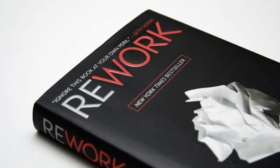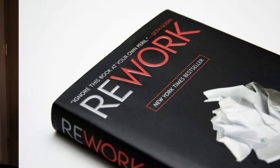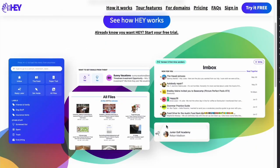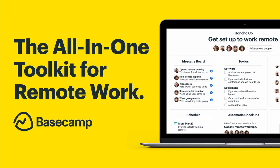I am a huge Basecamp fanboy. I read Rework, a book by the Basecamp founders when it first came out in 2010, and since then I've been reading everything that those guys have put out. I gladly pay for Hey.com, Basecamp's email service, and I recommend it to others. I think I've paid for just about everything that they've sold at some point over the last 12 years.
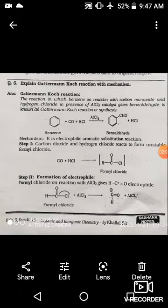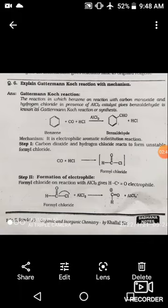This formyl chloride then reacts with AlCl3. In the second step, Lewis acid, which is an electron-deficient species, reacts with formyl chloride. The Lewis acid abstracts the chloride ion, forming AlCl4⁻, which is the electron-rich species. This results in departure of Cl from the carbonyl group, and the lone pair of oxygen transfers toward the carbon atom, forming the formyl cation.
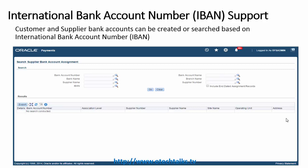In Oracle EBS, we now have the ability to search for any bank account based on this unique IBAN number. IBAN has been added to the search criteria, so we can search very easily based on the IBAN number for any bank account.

--

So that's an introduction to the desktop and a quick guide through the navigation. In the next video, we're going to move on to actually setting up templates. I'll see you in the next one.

---

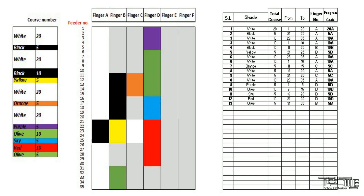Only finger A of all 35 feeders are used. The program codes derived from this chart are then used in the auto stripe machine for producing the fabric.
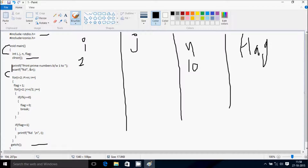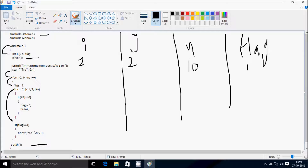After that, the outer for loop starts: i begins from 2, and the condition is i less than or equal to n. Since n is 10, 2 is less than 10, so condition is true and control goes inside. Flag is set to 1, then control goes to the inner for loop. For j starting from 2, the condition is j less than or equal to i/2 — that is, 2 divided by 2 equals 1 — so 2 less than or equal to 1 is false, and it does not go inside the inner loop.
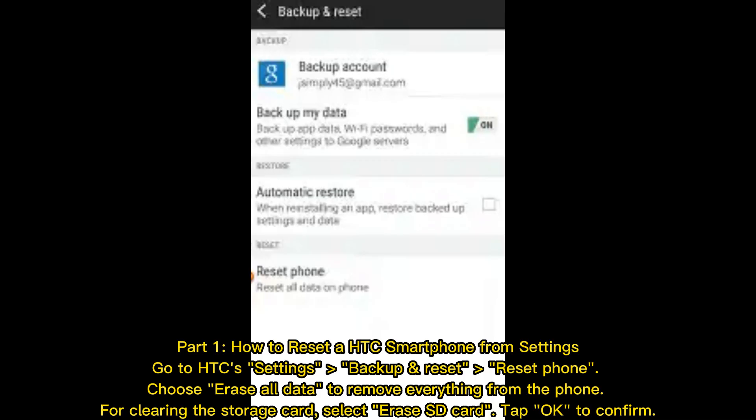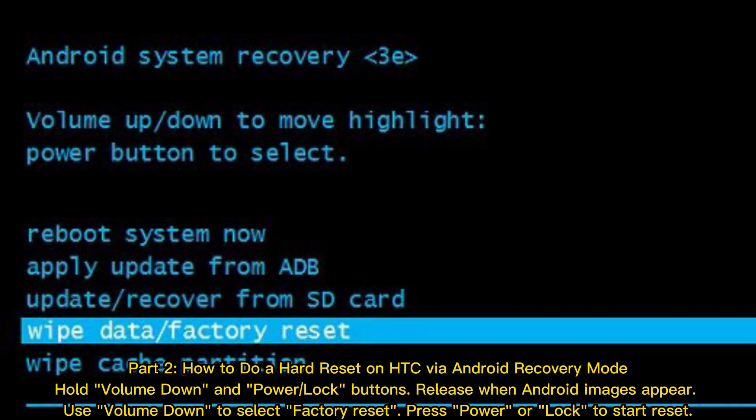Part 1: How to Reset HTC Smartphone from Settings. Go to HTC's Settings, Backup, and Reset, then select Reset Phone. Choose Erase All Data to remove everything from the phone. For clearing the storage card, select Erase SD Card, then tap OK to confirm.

> _Exercise_
Using the data above, set down each line from the line with "I am a huge" to the line with "This formyl chloride" exactly, both ends included, and leave the pictures behind. Nothing else belongs.

> _Solution for this problem_
I am a huge Basecamp fanboy. I read Rework, a book by the Basecamp founders when it first came out in 2010, and since then I've been reading everything that those guys have put out. I gladly pay for Hey.com, Basecamp's email service, and I recommend it to others. I think I've paid for just about everything that they've sold at some point over the last 12 years.
This formyl chloride then reacts with AlCl3. In the second step, Lewis acid, which is an electron-deficient species, reacts with formyl chloride. The Lewis acid abstracts the chloride ion, forming AlCl4⁻, which is the electron-rich species. This results in departure of Cl from the carbonyl group, and the lone pair of oxygen transfers toward the carbon atom, forming the formyl cation.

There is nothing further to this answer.